Он, вероятно, туг на ухо, а слухового аппарата не видать. Как, кстати, и очков. Глядя на меня, старичок близоруко щурится, я для него — размытый силуэт, фрагмент акварели, нанесенной на мокрый лист.
— Скорая, тоже мне, — надрывается он, раскрасневшись от перенапряжения, — пародия одна. Только за смертью их посылать…
Эти его слова не вызывают удивления. Наши «Скорые» частенько превращаются в черепах, стоит только назвать по телефону более-менее преклонный возраст больного. Что есть, то есть. Разговаривая с диспетчером, надлежит смело сбрасывать десяток-другой лет, иначе вообще не приедут.
— Пошел в поликлинику анализы сдать, — продолжает громогласно жаловаться Дедушка, как будто это у меня проблемы с ушами. — Тут и прихватило меня. Бах, значит — сахар… Ну что ты будешь делать?
— Упали в обморок? — интересуюсь больше из вежливости, ведь я не врач.
— Спасибо, не перевелись еще добрые люди, позвонили, куда следует, — продолжает Дедушка, проигнорировав или не расслышав мой вопрос. — В ноль три, значит…
Впрочем, возможно, его монолог предназначен для внутреннего потребления, а я просто так, статист…
На сморщенном лице моего нового соседа появляется легкое беспокойство, постепенно перерастает в тревогу.
— Надо бы дочку предупредить! — почти кричит дед. — Чтобы, значит, не волновалась. А то, понимаешь, хватится меня…

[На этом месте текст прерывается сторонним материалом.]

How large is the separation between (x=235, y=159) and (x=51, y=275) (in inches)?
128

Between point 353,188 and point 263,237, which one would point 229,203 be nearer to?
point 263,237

Что делать, киваю. Мы вне зоны досягаемости антенн, а телефонные провода, протянутые из Госпиталя, ведут в никуда. Связи нет, как, впрочем, и докторов, но ему эта информация без надобности, Дедушка и так выглядит неважнецки.
— Попробуем позвонить, — заверяю я. Терпеть не могу лгать, да делать нечего. Дедушка сразу успокаивается, видимо решив, что дело в шляпе, возвращается к дочери.
— Она у меня женщина хорошая, добрая, только занятая очень… В «Городских Ведомостях» трудится, главным редактором. Слыхал, должно быть, про такую газету?
Вскидываю изумленно брови, а затем энергично киваю, чтобы он, чего доброго, не подумал, будто я не читаю газет. Честно говоря, так и есть, чтобы следить за новостями, мне вполне хватает Интернета, тем более, что новости в исполнении отечественных телеканалов и печатных таблоидов по формату гораздо ближе к сплетням. «Ведомости», конечно, с недавних пор — исключение, и начхать им на антимонопольные санкции. Мне ли об этом удивительном издании не слыхать? Даже слегка тарабаню пальцами по экземпляру, лежащему рядом.
Похоже, здесь все читают «Ведомости»!
Эта, последняя мысль наполняет меня злой иронией, проецирующейся на лицо кривой ухмылкой.
Может, стоит сходить, поискать киоск с периодикой?
Больница в этом плане, конечно, не вокзал. Впрочем, что-то в Госпитале от него есть, только билеты здесь выдаются явно не в кассах.
Пока я иронизирую про себя, его глаза становятся тоскливыми, как у бездомной собаки. Многие люди на старости лет напоминают разучившихся смеяться детей, мой новый сосед среди прочих.